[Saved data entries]
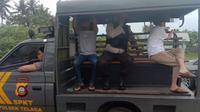 HZ dan RS saaat digelandang ke Mapolres Gorontalo (Arfandi Ibrahim/Liputan6.com)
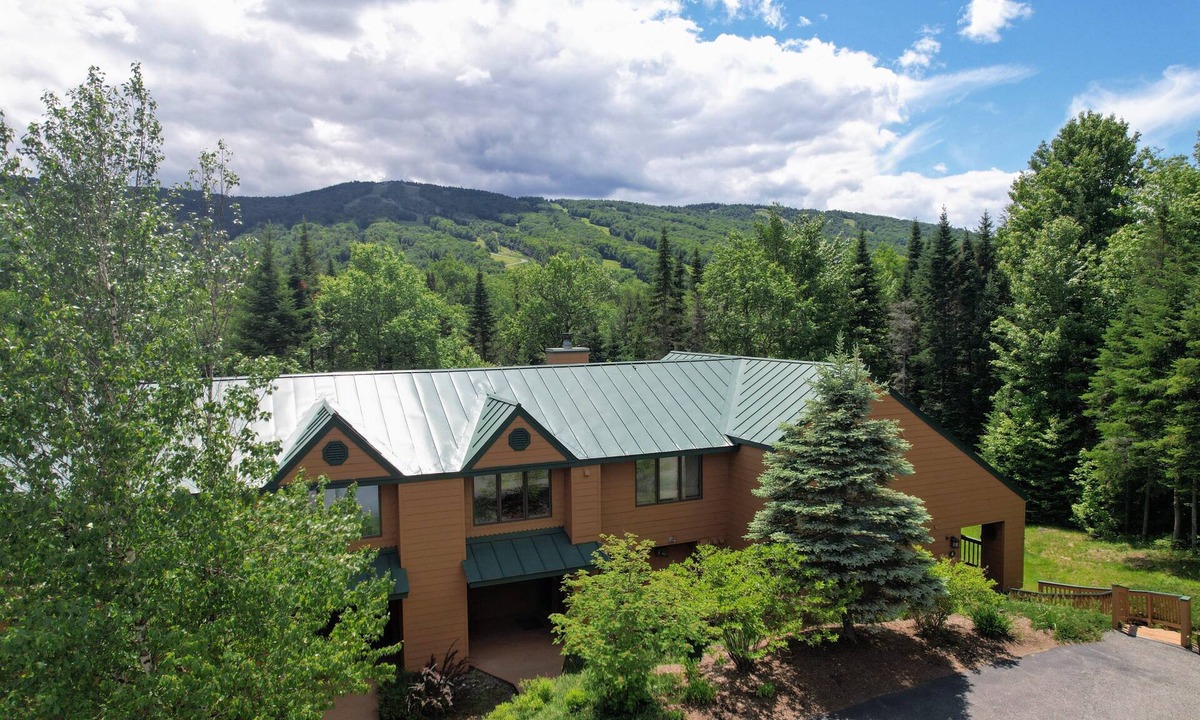 Bretton Woods House | W5 Dog-Friendly Bretton Woods Retreat Near Skiing, Hiking, Golf & the Omni Resort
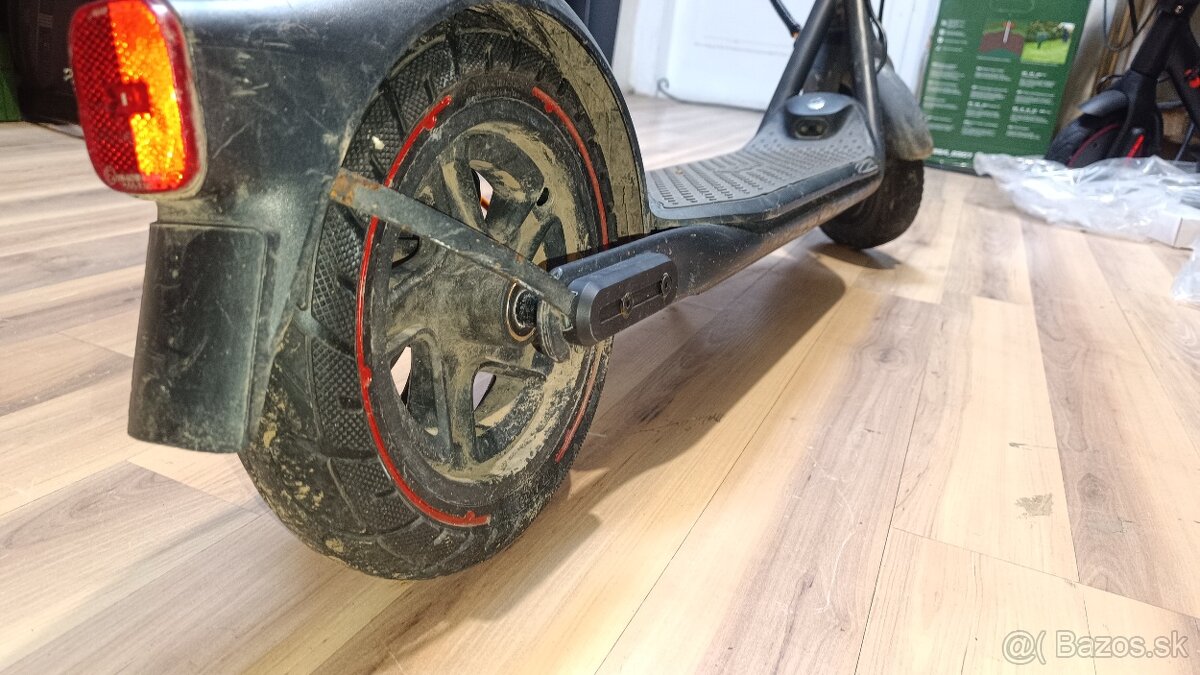 Elektrická kolobežka Ninebot F40 - 3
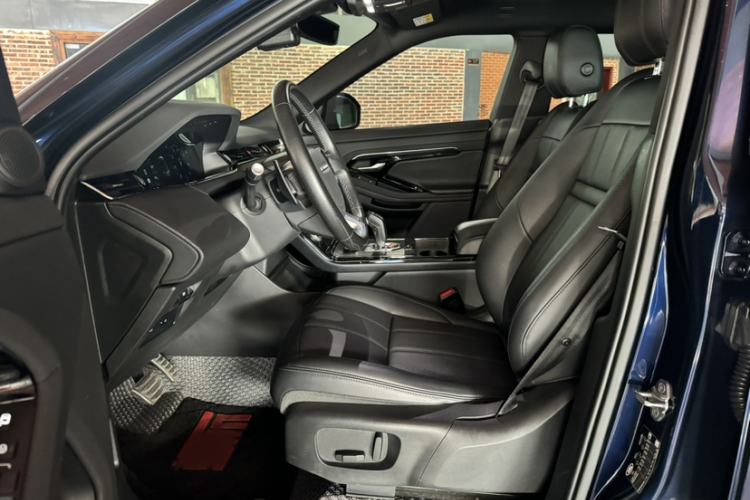Used Land Rover Range Evoque 2020 249 PS R-DYNAMIC S Sport Edition Interior 1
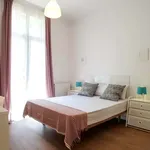 Rent a room of 122 m² in Barcelona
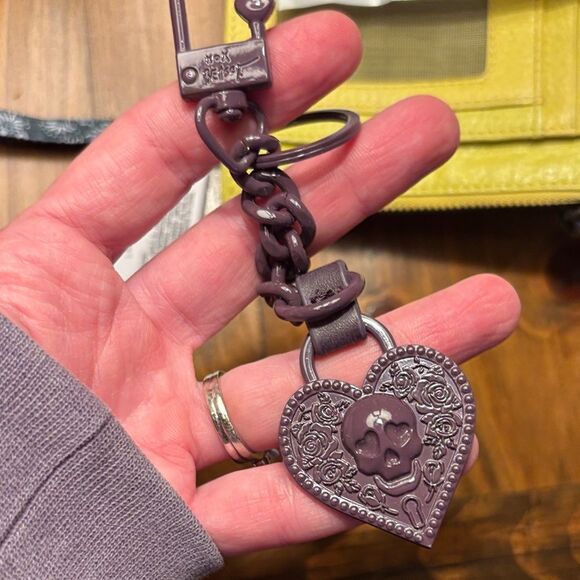 Yellow Leather Card Holder and Accessories - Picture 15 of 16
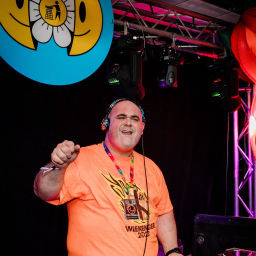 Podcast thumbnail for DJ Sets Live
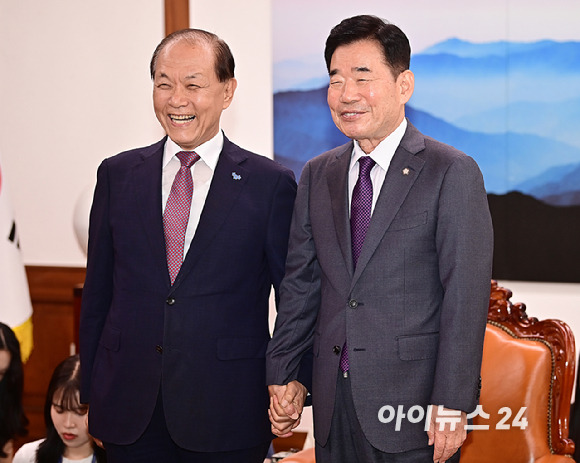 황우여 국민의힘 비상대책위원장이 20일 오전 서울 여의도 국회에서 김진표 국회의장을 예방해 기념촬영을 하고 있다. [사진=곽영래 기자]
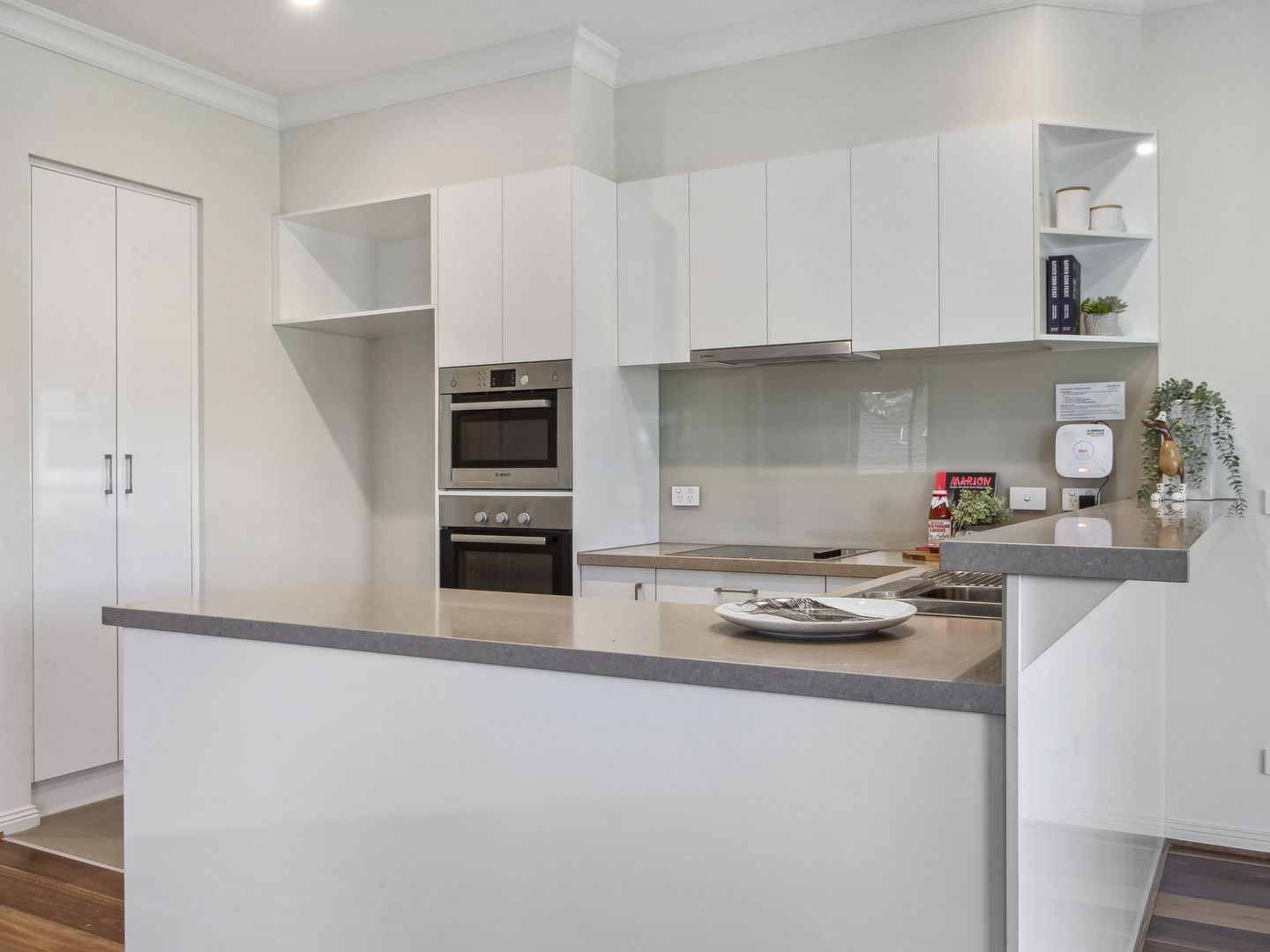 Experience the convenience of community living with an easy stroll to the heart of it all – our community centre.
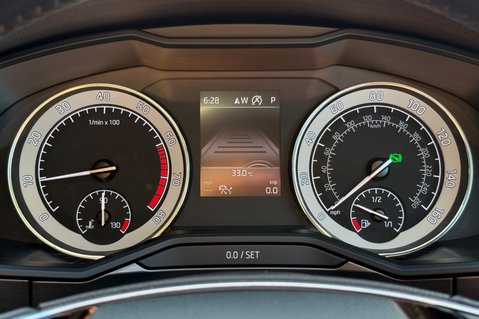 Skoda Superb SE L TSI DSG - FULL SKODA SERVICE HISTORY 37
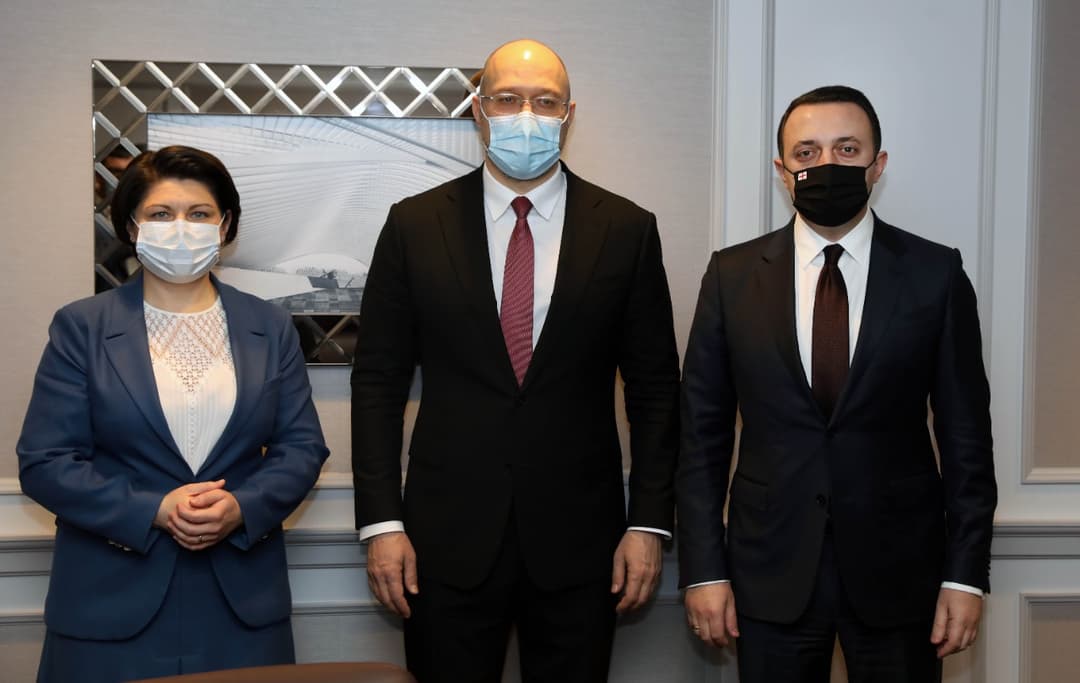 ასოცირებული ტრიოს პრემიერ-მინისტრებმა ევროკავშირში დაგეგმილ უმაღლესი დონის შეხვედრებზე განსახილველ საკითხებზე იმსჯელეს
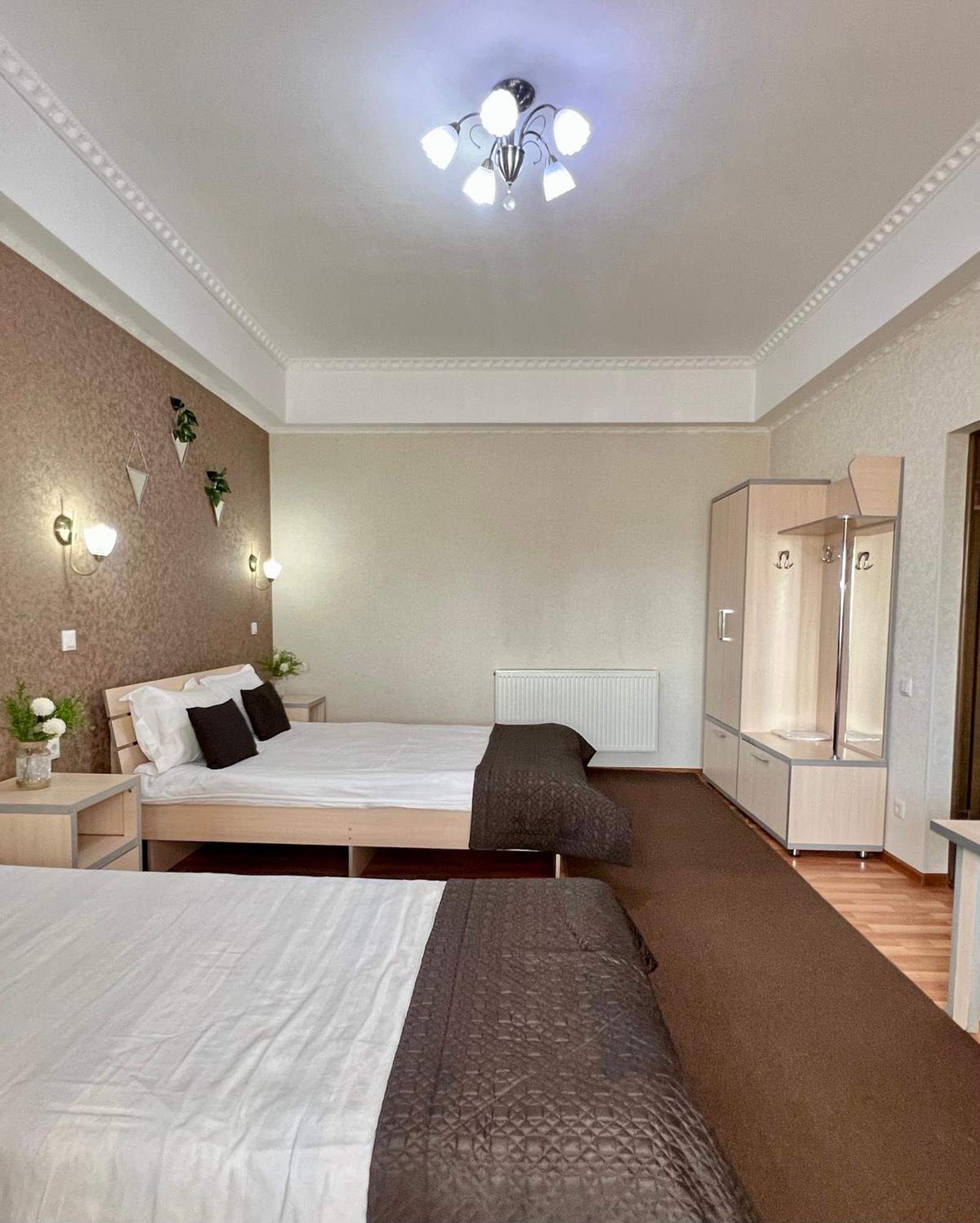 Caravan Hotel Karakol Buitenkant foto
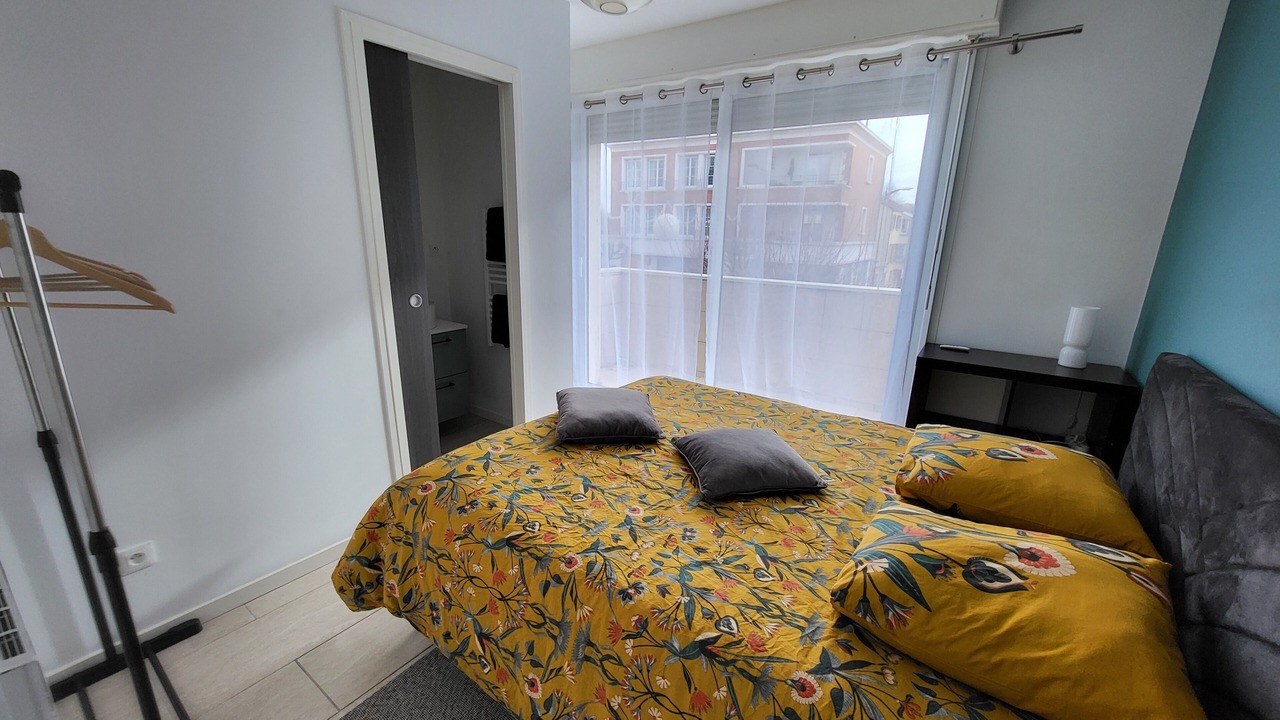 Photo of Bedroom in Chalons-en-Champagne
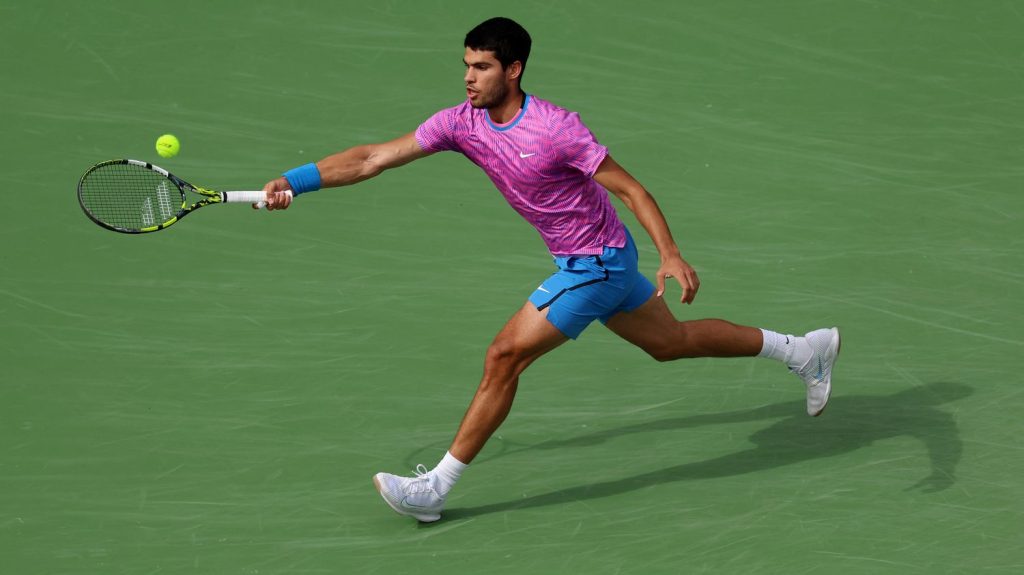 Indian Wells : Carlos Alcaraz écarte Daniil Medvedev et s'offre un second titre consécutif
L'Espagnol, déjà sacré en 2023 face au Russe, a doublé la mise dimanche, en finale du Masters 1000.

**Work order**
From the records above, quote word for word only the lines beginning at the line that has "Yellow Leather Card Holder" and stopping after the line that has "Experience the convenience". Omit the pictures.

**Answer box**
 Yellow Leather Card Holder and Accessories - Picture 15 of 16
 Podcast thumbnail for DJ Sets Live
 황우여 국민의힘 비상대책위원장이 20일 오전 서울 여의도 국회에서 김진표 국회의장을 예방해 기념촬영을 하고 있다. [사진=곽영래 기자]
 Experience the convenience of community living with an easy stroll to the heart of it all – our community centre.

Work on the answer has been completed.